@Edarvir presenta:
Por qué monitorizar la consciencia
De Martín R. Banqueri(Anestesiados.com)
CONSCIENCIA.
Siguiendo la definición de la ASA, consciencia es un estado en el cual el paciente es capaz de procesar información de su entorno. Puede ser evaluada observando las respuestas de un paciente determinadas por estímulos sonoros o nociceptivos. Dicha evaluación puede ser inútil cuando el paciente está bajo el efecto de bloqueantes neuromusculares como es el caso de los individuos bajo anestesia general (1).
PROFUNDIDAD ANESTÉSICA.
Es la continua y progresiva depresión del Sistema Nervioso Central que conlleva una disminución de la respuesta a la estimulación.
RECUERDO.
Es la capacidad del paciente de recuperar eventos memorizados.
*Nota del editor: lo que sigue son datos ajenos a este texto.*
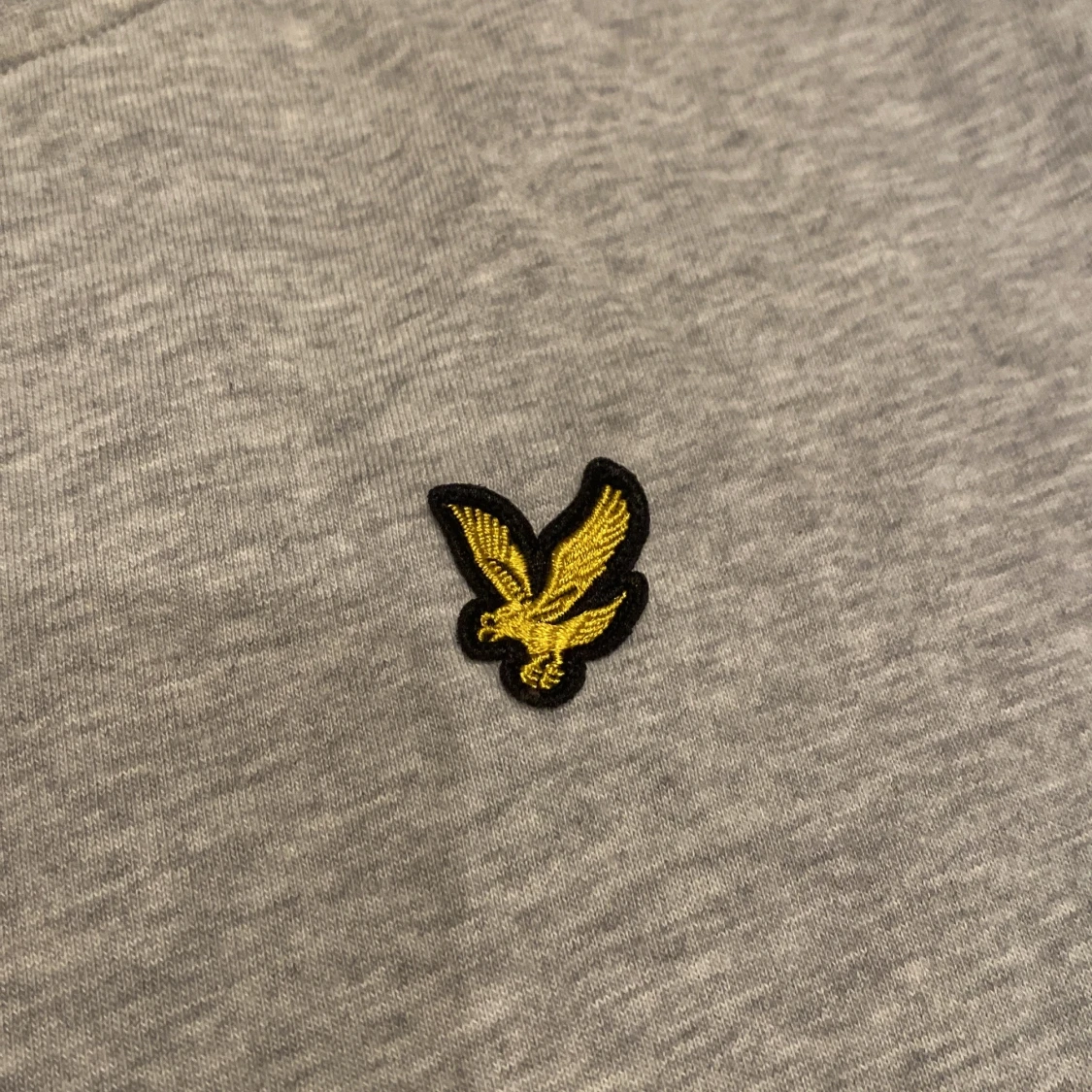 Grå t-shirt från Lyle & Scott - 1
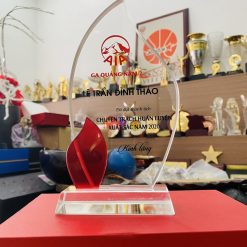 CÚp BiỂu TrƯng Pha LÊ ThỦy Tinh In Logo (10)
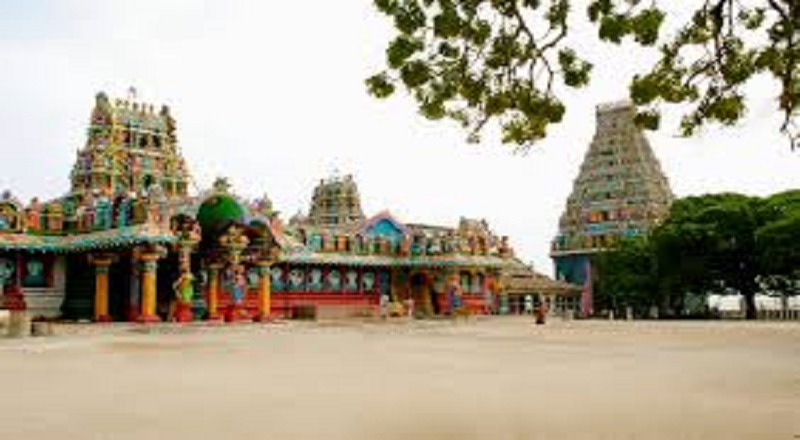 நயினாதீவு நாக பூசணி அம்மன் உண்டியல் உடைப்பு -  மூவர் கைது !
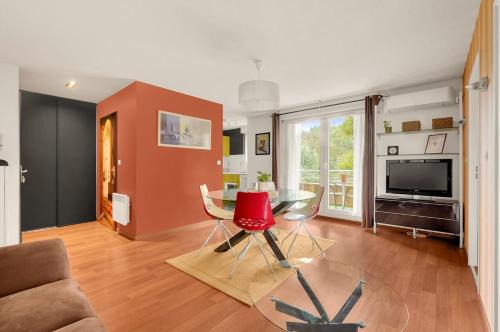 Toulouse West Appartement | Le Jardin des Muses - T3 climatisé avec terrasse, Piscine et Parking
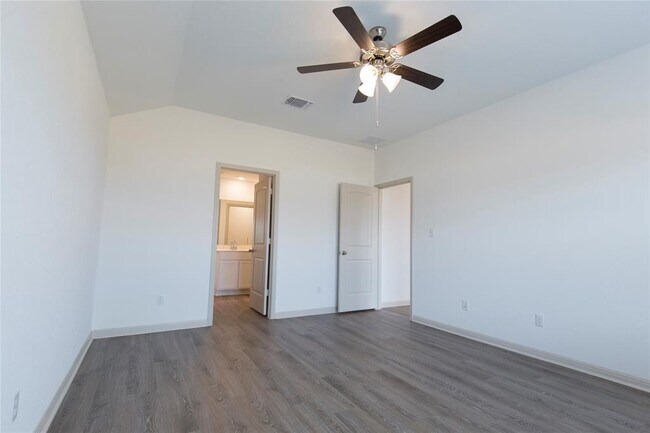 Building Photo - 132 Ft Clark Spgs Dr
En el caso del periodo intraoperatorio se trataría de la rememoración de percepciones sensoriales acontecidas bajo anestesia general (2). Debemos distinguir entre dos tipos de memoria:
Memoria explícita es aquella capacidad consciente del paciente de recordar hechos acontecidos durante la anestesia general. Esta recuperación puede ser espontánea o inducida por un cuestionario.
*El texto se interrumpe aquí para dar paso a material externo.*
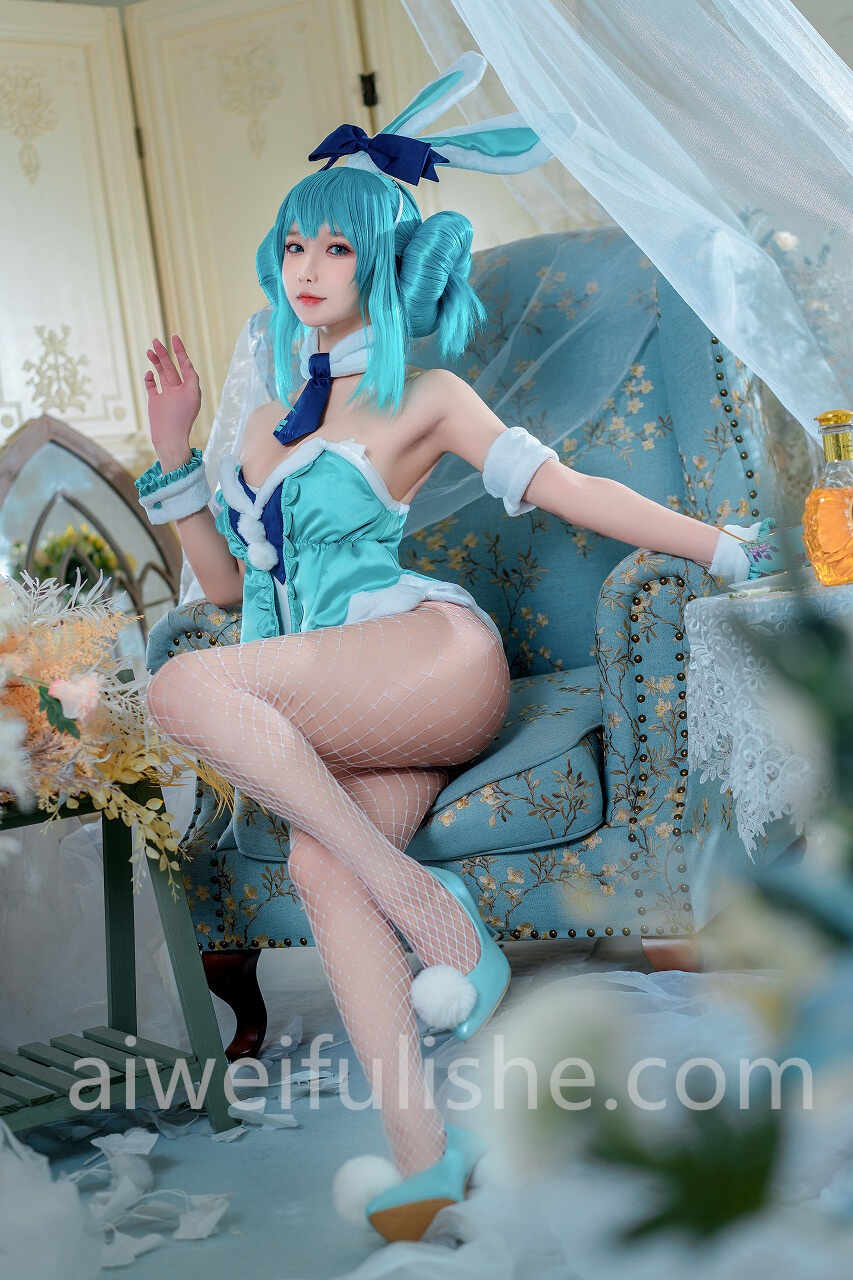 阿包也是兔娘-白兔miku [28P-664MB] cosplay美女-第2张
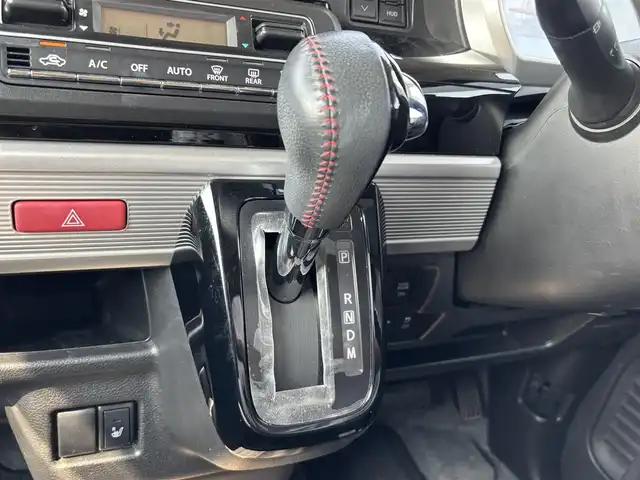 スズキ スペーシア カスタム HYBRID XS ターボ 大分県 2019(令1)年 7.6万km ブルーイッシュブラックパール3 ・純正ナビ(CD.DVD.BT.SD.USB)/・全方位カメラ/・ヘッドアップディスプレイ/・デュアルセンサーブレーキサポート/・フルセグテレビ/・両側パワースライドドア/・クルーズコントロール/・ETC/・ドライブレコーダー/・運転席シートヒーター/・パドルシフト/・ステアリングリモコン/・スマートキー/・フロアマット
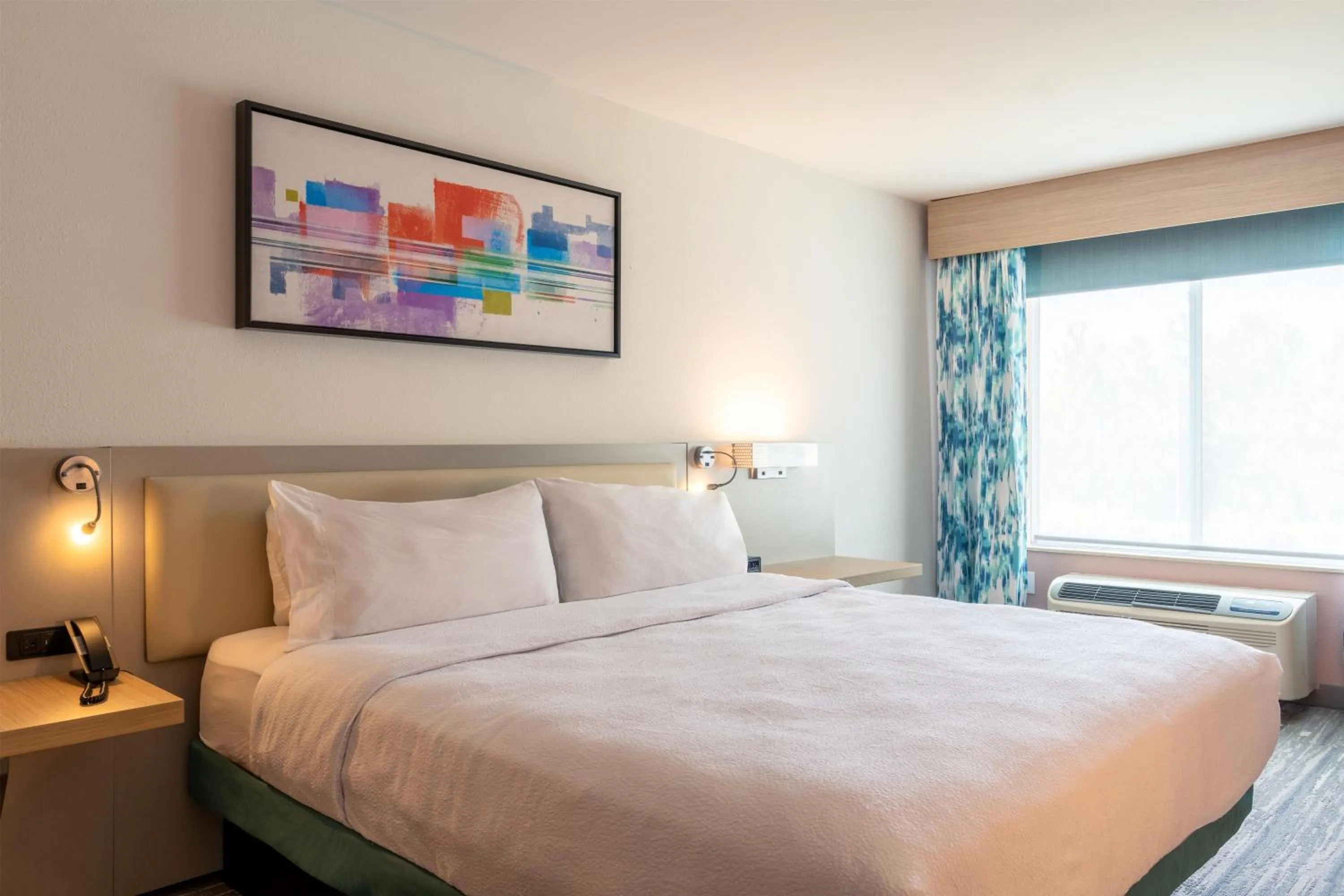 Bed in Hilton Garden Inn Portland Airport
Memoria implícita es aquella en la que el paciente modifica su comportamiento o conducta por eventos ocurridos durante la anestesia general sin que sea capaz de rememorarlos y por tanto no es consciente de ello.
AMNESIA.
Es la ausencia de recuerdo. Son muchos los anestésicos que producen amnesia a dosis muy inferiores a las necesarias para producir la supresión de la consciencia. Debemos así mismo distinguir entre dos tipos de amnesia:
- Amnesia anterógrada es aquella producida por una droga que impide la capacidad de memorizar hechos acaecidos tras su administración.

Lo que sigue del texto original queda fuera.